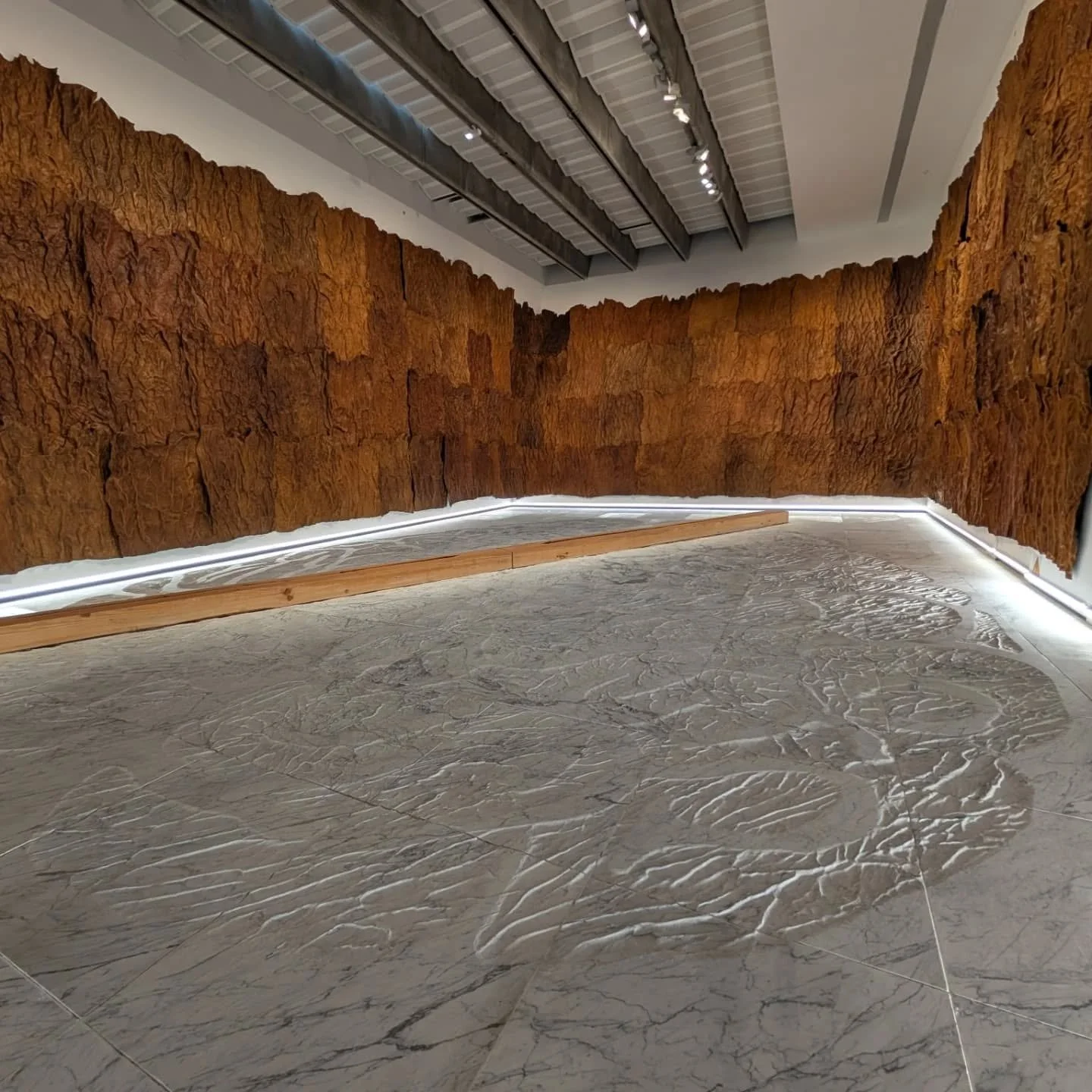 I really loved this installation. Not just because you have to walk on the textured marble on bare feet, but also the smell of leather and wood and instantly understanding the life in the materials. 

A super simple wall tag text doesn't hurt either.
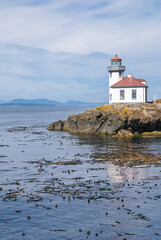 Fototapeta na wymiar Lime Kiln Lighthouse on San Juan Island. Whale Watch Park. Washington State.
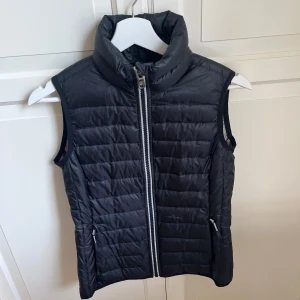 Svart dunväst från Berkeley - Snygg svart dunväst från Berkeley med hög krage och dragkedja framtill. Västen har två fickor med dragkedja och quiltad design. Perfekt att slänga över en hoodie eller tröja för extra värme.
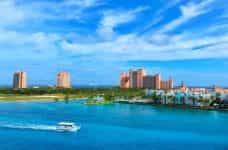 The Atlantis Paradise Island casino-resort against a blue sky on a sunny day in the Bahamas.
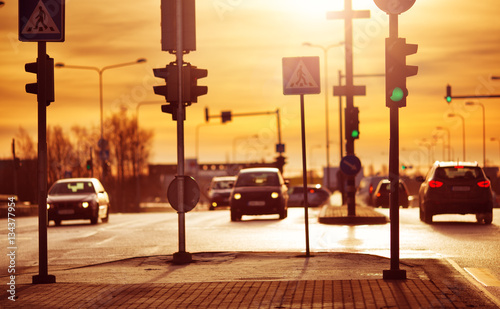 Cars moving on the road in city in early morning. View to the traffic with trafficlights and transport photo
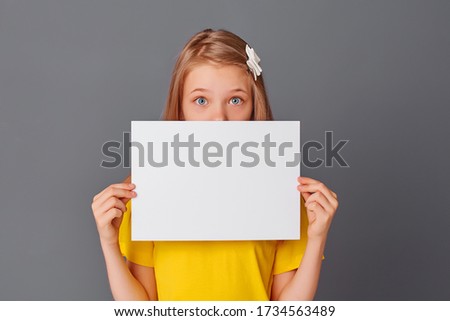 teen girl in yellow t-shirt holding empty white paper close-up, space for text, copy space
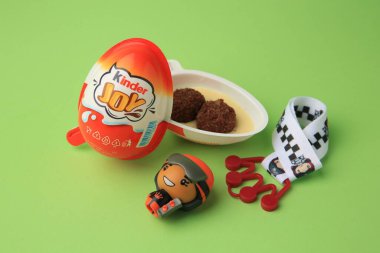 Sveti Vlas, Bulgaristan - 29 Haziran 2023: Tatlı şekerli Kinder Yumurtası ve açık yeşil arka planda oyuncaklar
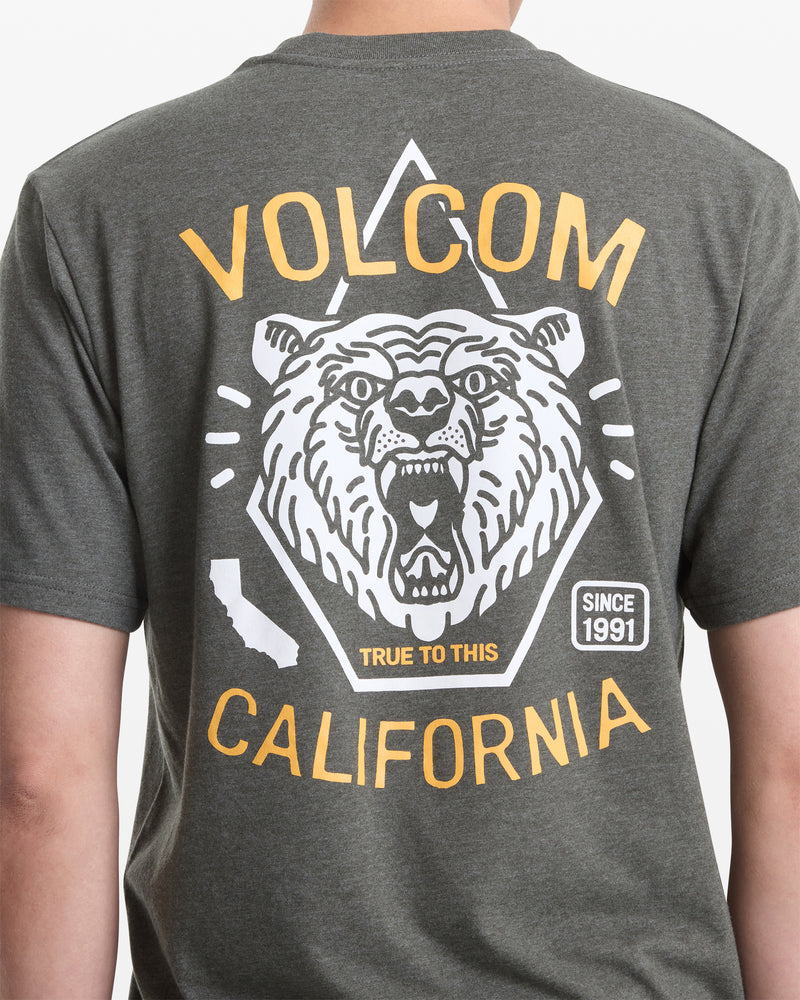 A man wears the Volcom Men's Golden Statement Short Sleeve Tee, featuring a roaring bear graphic, "VOLCOM CALIFORNIA," a small California state outline, "TRUE TO THIS," and "SINCE 1991" on the back.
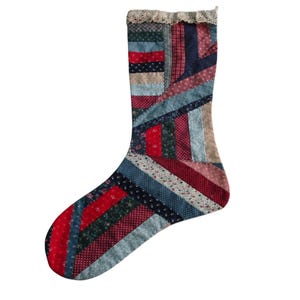 Puede incluir: Una media de Navidad de patchwork con un esquema de color rojo, azul y verde. La media está hecha de varias telas con diferentes patrones, incluyendo flores y cuadros.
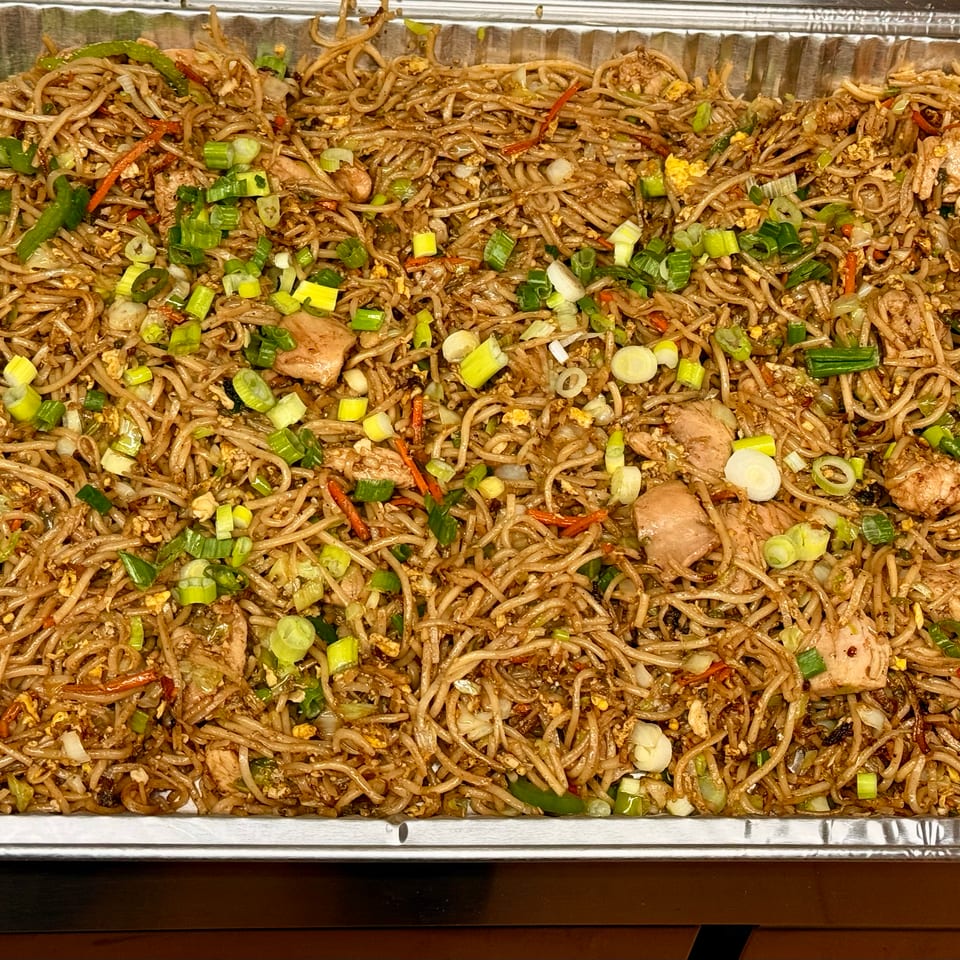 A large catering tray filled with chicken lo mein, garnished with green onions and carrots.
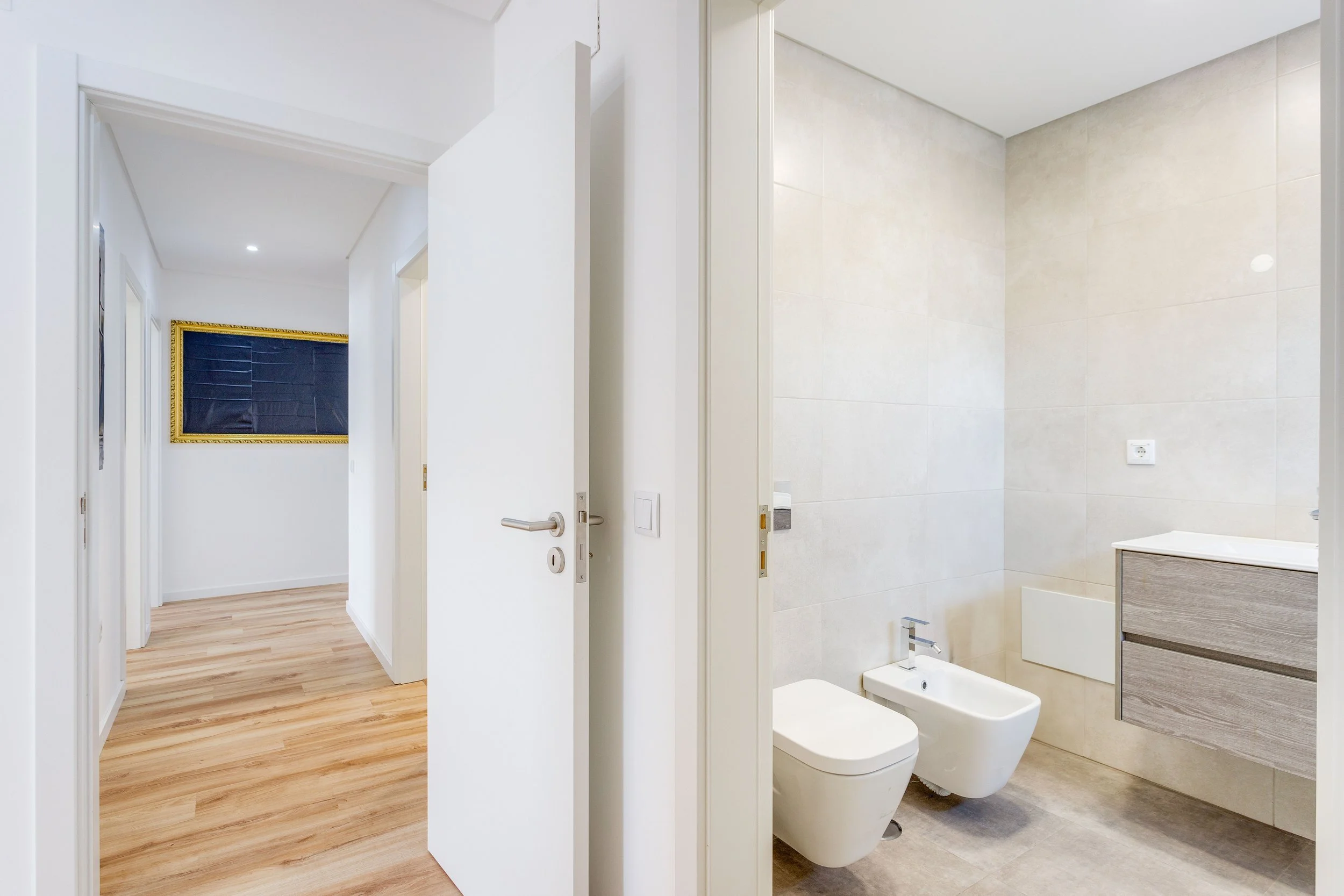 Corredor com portas para diferentes cômodos e uma parede decorada com moldura dourada, incluindo um banheiro com vaso sanitário, bidê, pia de madeira e parede revestida de azulejos bege.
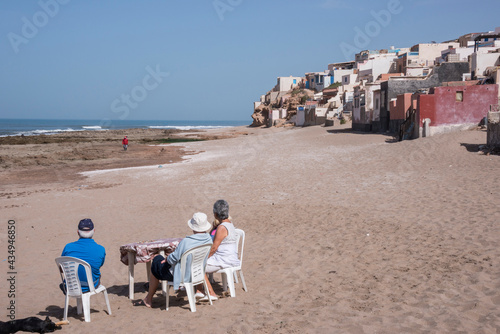 Grupo de turistas sentados en las playas de Tifnit en la costa sur de Marruecos photo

------------------------

→ Your assignment: Pictures in the entries do not go into the copy. Print only the lines starting at the one containing "A super simple" and ending at the one containing "Fototapeta na wymiar", exactly as they appear.

→ Solution to this task:
A super simple wall tag text doesn't hurt either.
 Fototapeta na wymiar Lime Kiln Lighthouse on San Juan Island. Whale Watch Park. Washington State.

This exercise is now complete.